### [Required action]
Give back only the lines in the records below from the one with "Matrimonio reale a Roma" to the one with "- Positano Rose", both inclusive, word for word.

### [Source material]
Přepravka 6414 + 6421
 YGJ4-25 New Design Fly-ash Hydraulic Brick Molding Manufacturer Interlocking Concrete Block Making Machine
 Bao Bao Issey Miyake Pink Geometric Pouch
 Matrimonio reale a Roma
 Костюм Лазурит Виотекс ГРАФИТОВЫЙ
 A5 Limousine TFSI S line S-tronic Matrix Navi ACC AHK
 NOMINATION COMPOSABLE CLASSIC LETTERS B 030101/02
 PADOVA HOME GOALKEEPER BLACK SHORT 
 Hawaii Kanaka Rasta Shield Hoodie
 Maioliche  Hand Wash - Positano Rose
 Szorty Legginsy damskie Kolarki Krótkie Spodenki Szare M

### [Worked solution]
 Matrimonio reale a Roma
 Костюм Лазурит Виотекс ГРАФИТОВЫЙ
 A5 Limousine TFSI S line S-tronic Matrix Navi ACC AHK
 NOMINATION COMPOSABLE CLASSIC LETTERS B 030101/02
 PADOVA HOME GOALKEEPER BLACK SHORT 
 Hawaii Kanaka Rasta Shield Hoodie
 Maioliche  Hand Wash - Positano Rose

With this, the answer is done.